The biggest ‘threat’ during the Haka will come during the wero (challenge) where up to three or four warriors will advance with Taiaha (fighting sticks, though often wrongly referred to as spears). One of them will place a small piece of branch down on the floor as symbol of peace. This is where is things could get tricky (especially if your client has fallen out with the tribal chief!). The highest ranking person of the visiting group will have to pick up the branch while at same time keeping their eyes firmly on the warrior who placed it there. Not to keep looking is a sign that your words are false. In days of old this would have resulted in loss of ones head, but these days the Taiaha will pass just over (or even through) the hair of the offending person.
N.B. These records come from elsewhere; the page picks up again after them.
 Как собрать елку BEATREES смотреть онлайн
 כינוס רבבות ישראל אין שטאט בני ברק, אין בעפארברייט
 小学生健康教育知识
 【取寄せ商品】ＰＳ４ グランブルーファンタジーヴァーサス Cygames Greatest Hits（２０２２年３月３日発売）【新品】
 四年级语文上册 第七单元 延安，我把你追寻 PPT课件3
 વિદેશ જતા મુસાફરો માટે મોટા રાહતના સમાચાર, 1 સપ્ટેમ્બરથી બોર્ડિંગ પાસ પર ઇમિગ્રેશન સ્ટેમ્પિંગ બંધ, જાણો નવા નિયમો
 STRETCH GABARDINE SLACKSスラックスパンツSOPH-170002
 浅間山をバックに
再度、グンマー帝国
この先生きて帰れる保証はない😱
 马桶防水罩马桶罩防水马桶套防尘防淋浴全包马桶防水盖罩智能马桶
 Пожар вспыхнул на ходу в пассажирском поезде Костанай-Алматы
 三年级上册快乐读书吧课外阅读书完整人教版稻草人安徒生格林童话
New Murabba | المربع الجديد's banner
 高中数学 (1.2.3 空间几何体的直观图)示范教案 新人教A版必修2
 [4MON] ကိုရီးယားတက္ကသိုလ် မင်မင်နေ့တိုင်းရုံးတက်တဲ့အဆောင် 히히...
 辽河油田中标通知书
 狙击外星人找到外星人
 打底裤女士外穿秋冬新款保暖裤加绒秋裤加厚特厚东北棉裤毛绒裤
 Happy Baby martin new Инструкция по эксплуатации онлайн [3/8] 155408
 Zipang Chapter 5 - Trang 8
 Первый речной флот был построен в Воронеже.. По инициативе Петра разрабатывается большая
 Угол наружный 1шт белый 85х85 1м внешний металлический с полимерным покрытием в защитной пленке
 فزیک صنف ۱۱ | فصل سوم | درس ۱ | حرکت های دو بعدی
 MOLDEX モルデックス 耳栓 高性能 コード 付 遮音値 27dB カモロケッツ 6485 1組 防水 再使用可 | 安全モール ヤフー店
So you have survived the heart attack that close protection team has been given at the welcoming ceremony of your principle, what next?
No security in New Zealand is armed, unless it is carried out by the police. Also you cannot use any form of physical force or restraint without due legal cause. Security personnel tend to use the law of trespass to implement its force. Trespass allows security (or anyone else for that matter) to remove anyone from a property or premises. When used it gives the operator the right to physically remove, with minimum force, anyone trespassing and to take the personal details of that person ,which only a police office has the normal legal right to do. The trespass law is the most common law used within the security sector.
However, the biggest thing a close protection team will notice in this country is the mindset towards security, which is why many with a military background actually stay out of the industry. Several years ago I worked alongside someone that had gone to Britain to gain his qualifications, and then returned to New Zealand to work. His view of security summarized this general apathy and mindset: “In Britain, when organizing an event, it is generally planned around security and often the police will take their cue from the event security organizer. Whereas in New Zealand they organize everything and then decide how much security will be necessary – it seems that providing any form of security is always the very last topic on the agenda”.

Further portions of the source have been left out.